*** Extracted material Section Begins ***

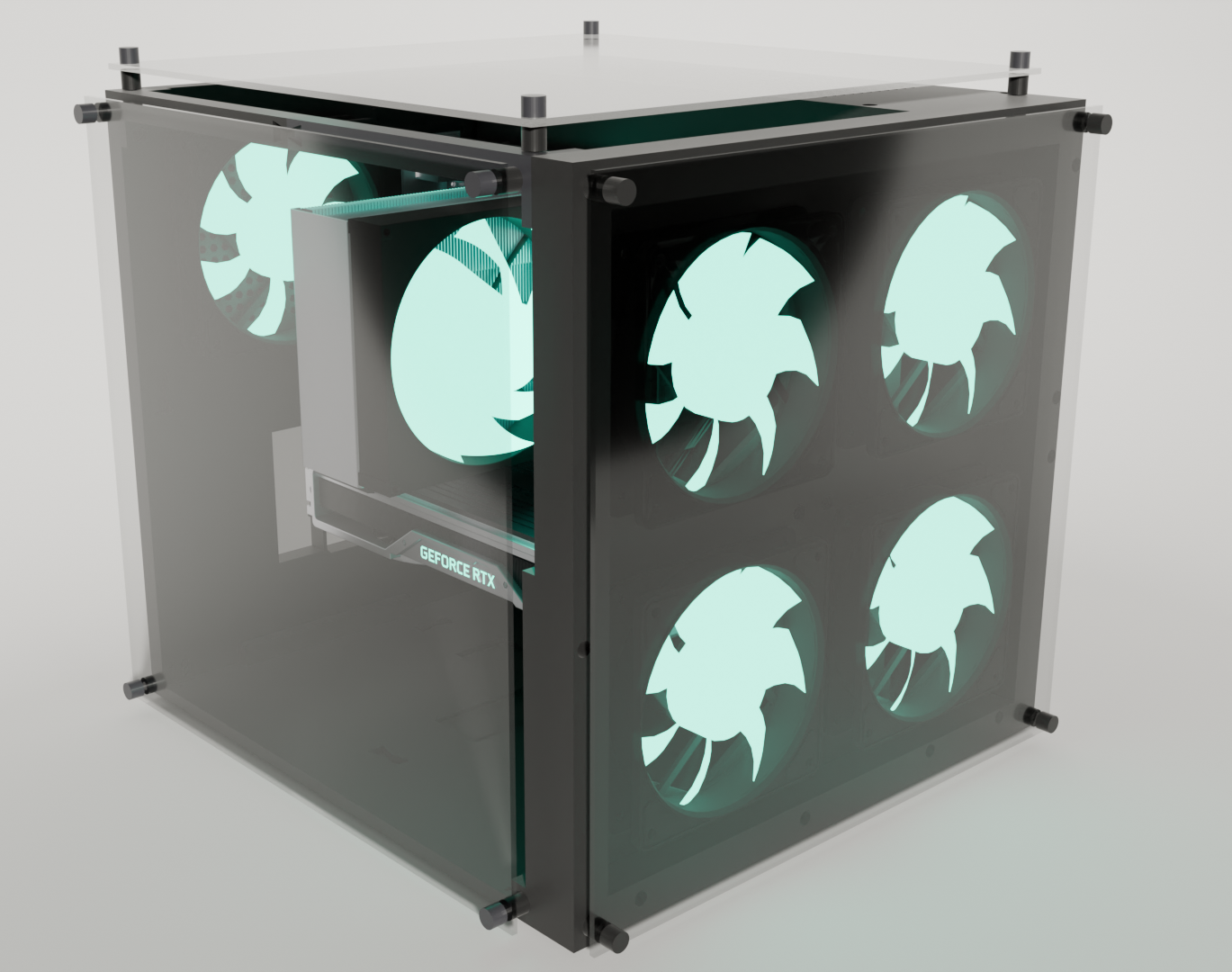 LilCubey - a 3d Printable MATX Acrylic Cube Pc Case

*** Extracted material Section Ends ***
*** Extracted material Section Begins ***

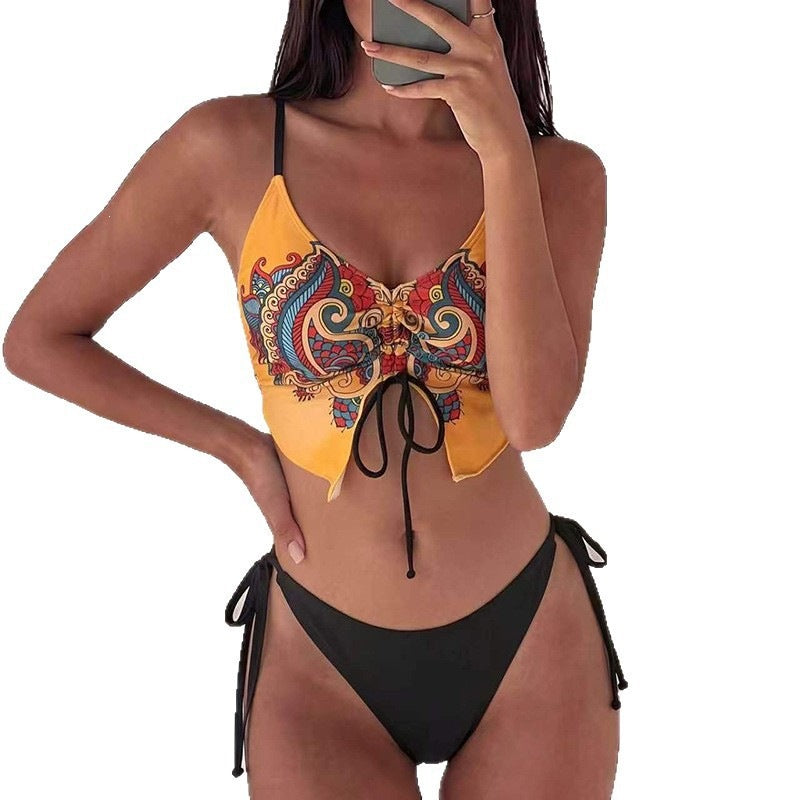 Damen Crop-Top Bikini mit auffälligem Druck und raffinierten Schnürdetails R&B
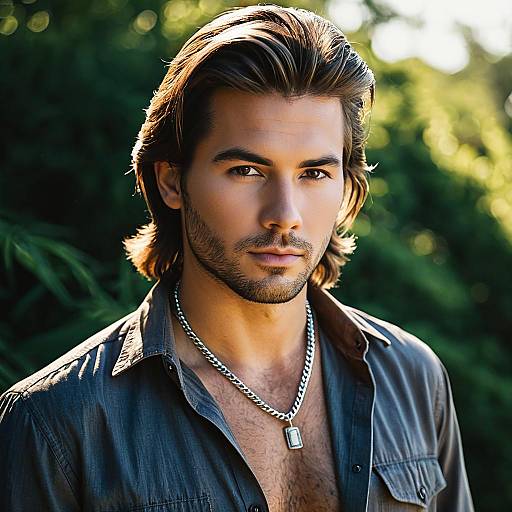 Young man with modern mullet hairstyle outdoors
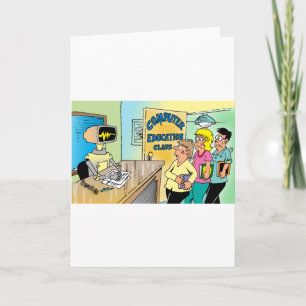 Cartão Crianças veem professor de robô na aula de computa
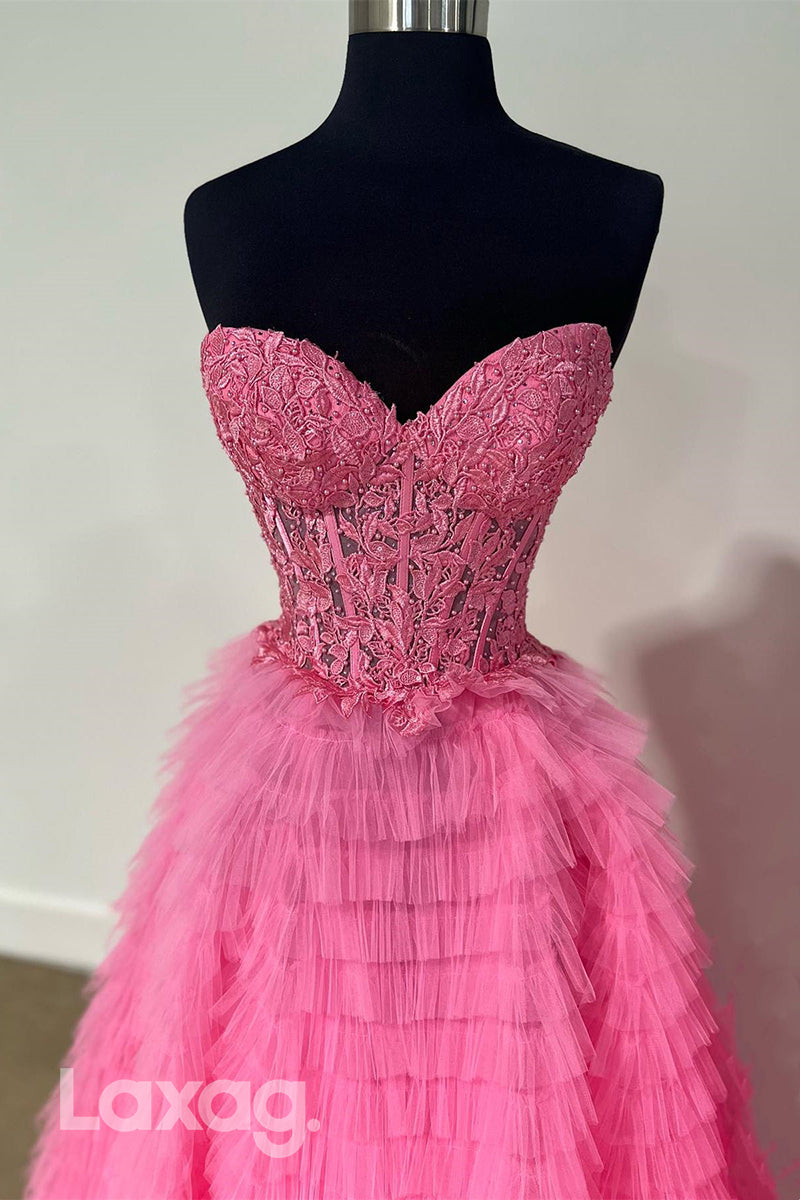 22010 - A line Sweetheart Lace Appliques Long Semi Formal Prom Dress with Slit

*** Extracted material Section Ends ***

▶ Required work
Reproduce exactly the lines above starting at the line containing "Young man with" and ending at the line containing "22010 - A line", including both, but not the pictures.

▶ Problem solution
 Young man with modern mullet hairstyle outdoors
 Cartão Crianças veem professor de robô na aula de computa
 22010 - A line Sweetheart Lace Appliques Long Semi Formal Prom Dress with Slit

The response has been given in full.